Saturday, September 7, 2013

Whatcom Works Has Legs.


We have readers, and are getting affirming feedback. Thank you! It looks like this local “Drudge Page” has value. In conjunction with the theme of value added dairy, we want to say hello.

Whatcom Works  is produced by members of the John Kirk family. We live near Sumas, Washington, where we raise dairy sheep. Dad works a full time day job, and we are not being funded by any outside entity. We want to speak to multiple issues in local elections and public policy. Whatcom County has more needs than getting or denying a coal terminal.

We believe in the value of hard work, admire writers of well thought out works, and think that many Whatcom County traditional values work well.

We are publishing/editing with an eye to what we perceive as a intentional denial by local radio and news print outlets of local news and commentary that highlights and challenges recent local socialist initiatives and public policies that have failed so obviously in other parts of the world.

As a working family, we want to draw others into working for a happy life, with a focus on being net givers, not net takers. Thank you for your interest in our local “news”.

Dairy! Anyone who milks domesticated animals knows work. Anyone who leaves the urban refuge and acquires milking stock has several learning curves going simultaneously—a lot of home work.

After living with livestock since 1996, we think we understand the value of family members working with each other.

I remember attending a Sustainable Connections Seminar on local farm to institution food marketing opportunities several years ago. It was a great chance to network and find out how others were doing.

I came away with a sense of having met four distinct groups of people. There were the starry eyed 40 to 50 year olds, early retirees, having dropped a large portion of their assets into small farm acreages. They were so eager to get going with vegetables and “save the planet”.

There were the veterans of market gardening, more or less well beaten up, not wanting to ooze too much grimness, but having a hard time fantasizing with the newbies.

There were the local value added dairy farmers, some with big marketing bruises, some doing quite well, but for the most part making their dreams work.

Finally, there were the “operatives”. College types who smiled and ran the event, but were not farming. More like community organizers, shepherding “children” and setting up larger goals only marginally related to food, farming or sustainable land use.

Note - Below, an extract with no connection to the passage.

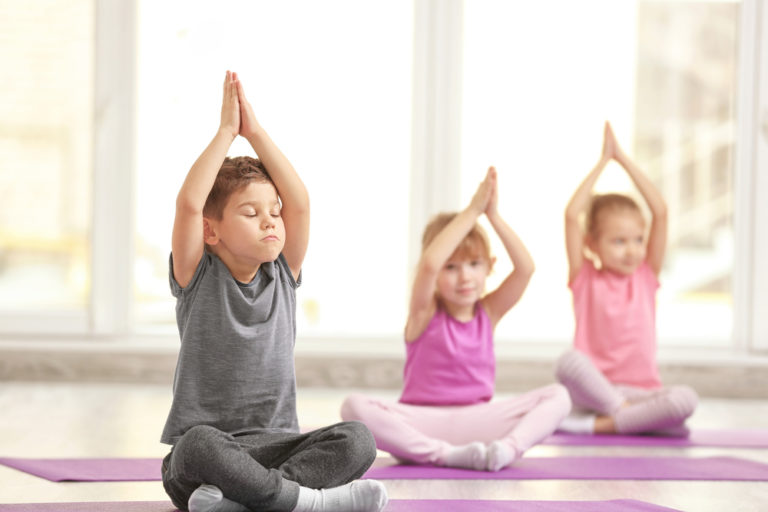 Yoga Class For Kids In Jakarta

Farm labor is expensive. In my discussions with other grow local/eat local value added food producers, there is a common haze of fatigue over trying to do as much as possible one’s self to make financial ends meet.

Some quit. Some finance. Some join co-ops. Some super specialize. Some take every grant that comes down the road. We all grapple with work loads.

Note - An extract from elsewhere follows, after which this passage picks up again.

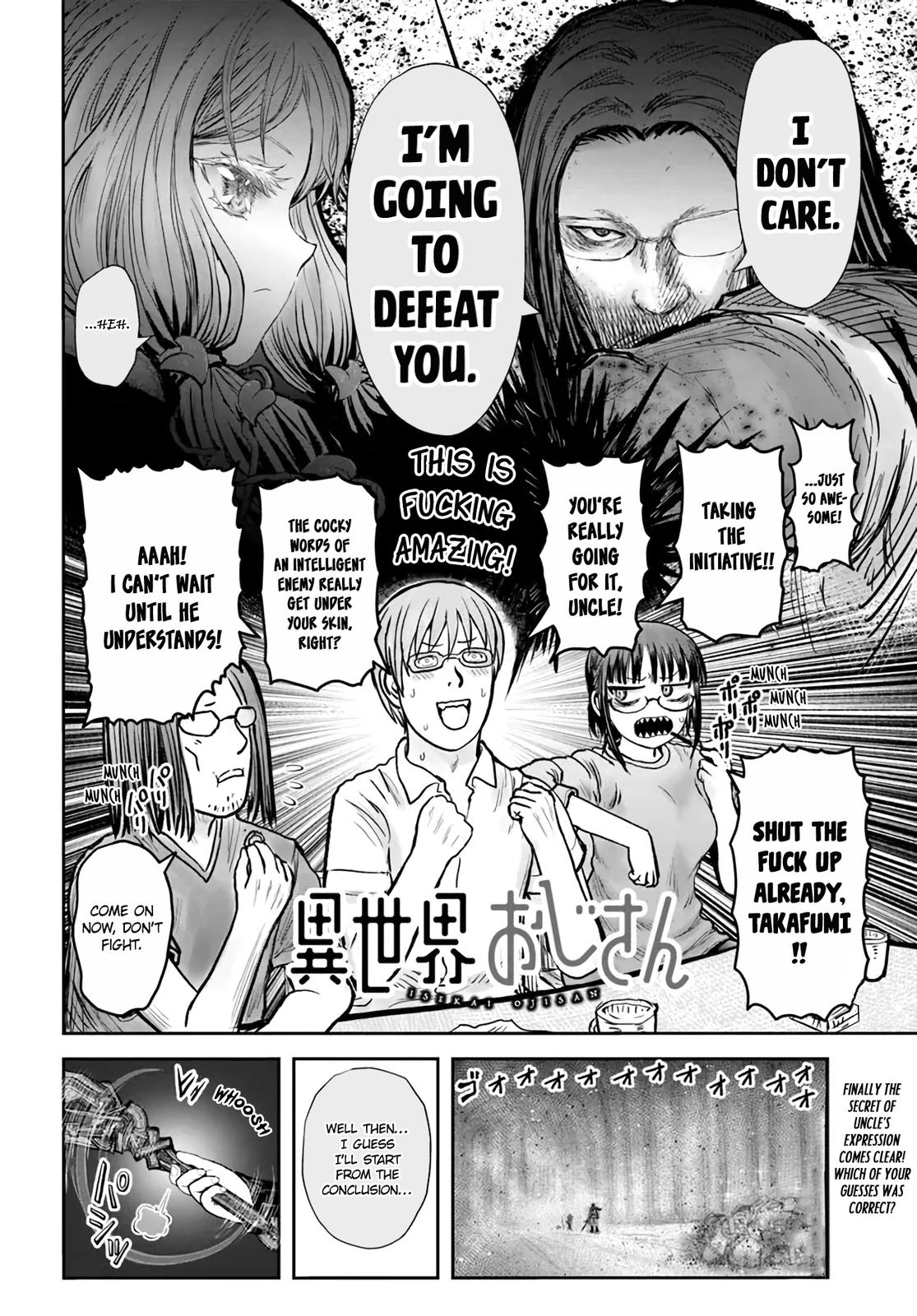 Isekai Ojisan Chap 48 - Next Chap 49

A major benefit for our family has been an improved quality of life in food products. We really like the superior ice cream, yogurt, cheddar/manchego, cream cheese, feta—you name it. We also grow various fruits and have a good sized vegetable garden.

And, because we share the work load, life is good! However, for us, after a decade of learning and working, we still are not WSDA certified. We do not sell milk, or cheese to the public, or anyone. That may come very soon.

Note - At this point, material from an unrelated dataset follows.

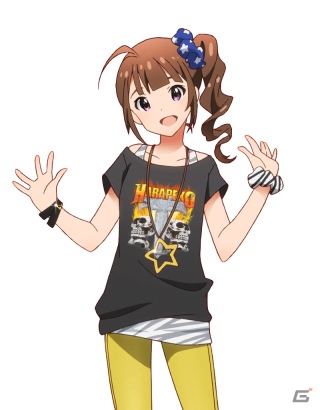 GREE「アイドルマスター ミリオンライブ！」アイドル50名の私服姿＆キャストを一挙紹介！の画像33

Our experience with local government officials has been mixed. The local WSDA dairy inspector has been very helpful. The Whatcom County planning and development department had a staff retraining program that almost took us out. We appealed and together found a solution.

Everyone wants to bring a good value to their community. In the debate of sustainable living and rural vision at the local level, I do not first question motives. However, I do usually keep an eye on local activists knowledge, experience and character.

Attending County Council Meetings over the last two years has made me a lot more cynical. There are deeper currents and quicksands than I thought possible.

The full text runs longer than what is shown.